Thus the anomalous theory is problematic
as a brane configuration. We therefore we impose the requirement
$N_L=N_R$. Notice that this condition was imposed by hand from a
knowledge of the field theory in \cite{hz} but here we derive it from
the brane configuration itself. For any theory constructed out
of two NS-branes and two \nsprime-branes the above condition becomes:
\begin{equation}
\label{eq:newcondition}
\begin{array}{c}
n_{31}=n_{11}+n_{33}-n_{13},\\
n_{32}=n_{33}+n_{12}-n_{13},\\
n_{21}=n_{11}+n_{23}-n_{13}.\\
\end{array}
\end{equation}

It is easy to further generalize our conditions to an arbitrary
array of brane boxes constructed out of H \nsprime-branes
and V NS-branes. Requiring that branes do not intersect
imposes $H+V-1$ independent conditions on $(H+1)(V+1)$
numbers of D5-branes, which is far less than the $(H-1)(V-1)$ 
conditions imposed in \cite{gg}. Yet we note that these conditions
exclude some of the interesting models, including the $3-2$ model of
dynamical supersymmetry breaking.

It is, however, not quite clear to us whether even these less
restrictive conditions imposed above are necessary. For example,
instead of introducing matter by having semi-infinite D5-branes one
could allow them to end on D7-branes as noted earlier. Then moving the
D7-branes sufficiently close to the gauge theory box, one could
guarantee that there are no 4-dimensional intersections of NS-
(\nsprime-) branes. If this were possible, then the physics would
depend on the $x_6$ position of the D7-branes and the $x_4$ position
of the D7$^\prime$ branes. This is in contrast to the role played by
the D6-branes in type IIA configurations, where holomorphic quantities
do not depend on the $x_6$ coordinate of the D6-branes. This might be
a reasonable difference, since it is difficult to identify the
holomorphic structure of the field theory in the brane box
configuration. We should mention however that the D7-branes change
the geometry of space, introducing a deficit angle, so our flat space
arguments may not be valid in their presence.

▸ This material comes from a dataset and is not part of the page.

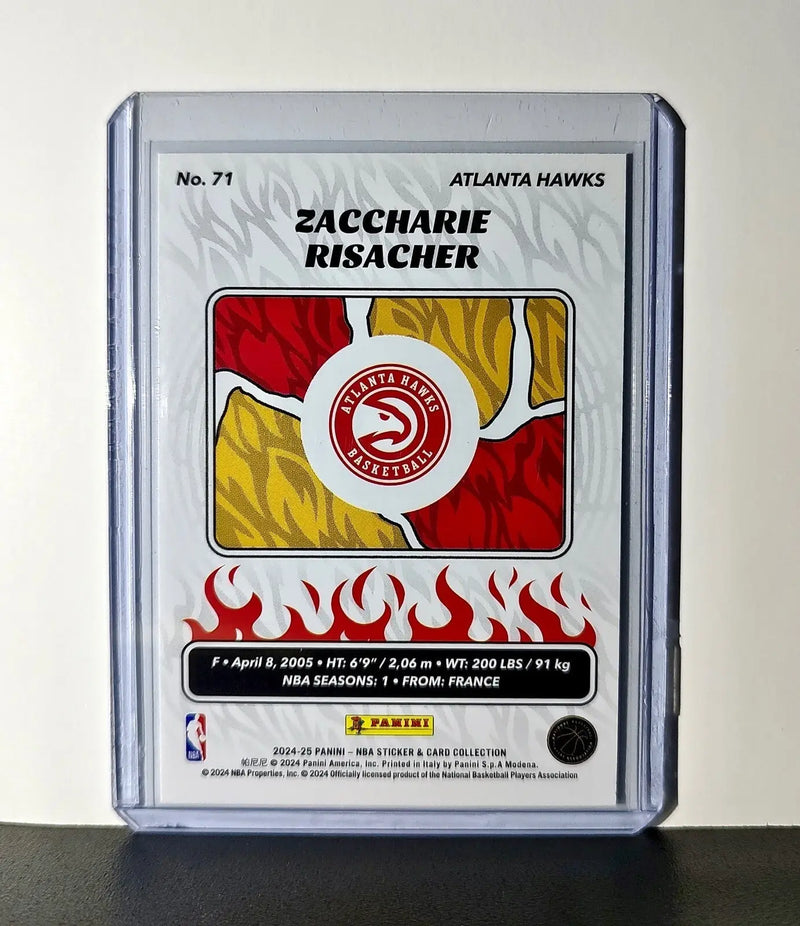 Zaccharie Risacher Rookie 2024-25 Panini NBA #71 Sticker Card Atlanta Hawks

While we lack a complete understanding of the conditions which should
be imposed on brane configurations due to bending, we nonetheless can
go on and consider implications of the above conditions together with
anomaly freedom conditions imposed {\it by hand}. The total number of
conditions would then be $(H-1)(V-1)$ which is the same as the number
of conditions in \cite{gg}. It turns out that the combination of our
constraints and anomaly cancellation is always satisfied by the
conditions of \cite{gg}. However, in certain cases some of the anomaly
freedom conditions are redundant, allowing theories with
non-intersecting branes which do not satisfy conditions \cite{gg}. We
have seen an example of this in supersymmetric QCD.  In Figure
\ref{fig:notgg}, we give another example of an anomaly free, consistent
brane configuration which does not satisfy the condition \cite{gg}.

\begin{figure}[tc]
\centering
\includegraphics[height=2in]{notgg.eps}
\caption{A non-intersecting anomaly free configuration which does
not satisfy conditions of Eq. (\ref{eq:ggconstraint}).
\medskip}
\label{fig:notgg}
\end{figure}
Finally, there is an additional subtlety. Suppose we had
started with a configuration in which the $i$'th and $(i+1)$'th
NS (or \nsprime) branes
remain parallel (even if they bend), 
so that the  distance between them does not depend on the
coordinate in the 4-5 (6-7) plane. 
Then we can add $\Delta N_{i-1}$, $\Delta
N_i$, and $\Delta N_{i+1}$ D5-branes to the  corresponding (finite) boxes.
As a result, the distance between the  NS- (\nsprime-) branes will change 
logarithmically at large values of $x_4,x_5$ ($x_6,x_7$).
If $\delta N_{i-1}+\delta N_{i+1} > 2 \delta N_i$, the two NS-
(\nsprime-) branes under
consideration will intersect. We therefore exclude such
configurations.

\section{The Running Coupling Constant}
\label{sec:run}

Our discussion of brane bending is also useful for 
understanding the relation of the running coupling
constant to the brane configuration. Due to 
dimensional reduction, the 4-dimensional
coupling constant is related to the area of the D5-brane
bounded by the NS-branes. Usually, the running of the coupling
constant is associated 
with the bending of the NS-branes. However, since the
intersection between the D5-brane and the NS- (\nsprime-)
brane is 4-dimensional, naively one would expect that
the bending  is linear, which would not reflect
the running of the coupling constant in 4 dimensions.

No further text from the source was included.